- Available data
* * *

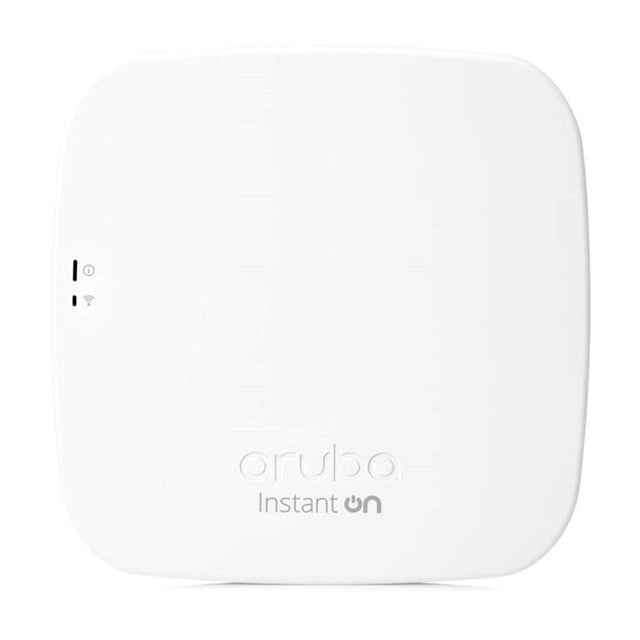HPE Networking Instant On AP12 RW 3x3 11ac Wave2 Indoor Access Point R2X01A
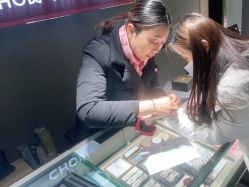 -周大福CHOW TAI FOOK(金汇广场珠宝店)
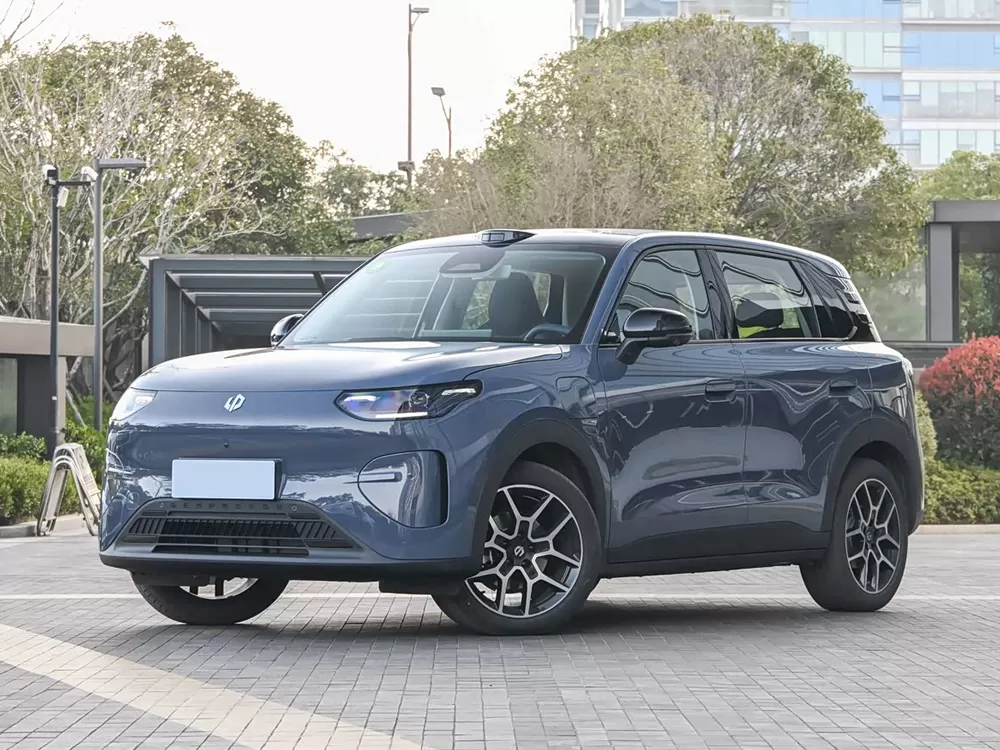 LEAPMOTOR A10 EV 2026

* * *

- Directions
Reproduce each line above precisely, with no pictures.

- Solution
HPE Networking Instant On AP12 RW 3x3 11ac Wave2 Indoor Access Point R2X01A
 -周大福CHOW TAI FOOK(金汇广场珠宝店)
 LEAPMOTOR A10 EV 2026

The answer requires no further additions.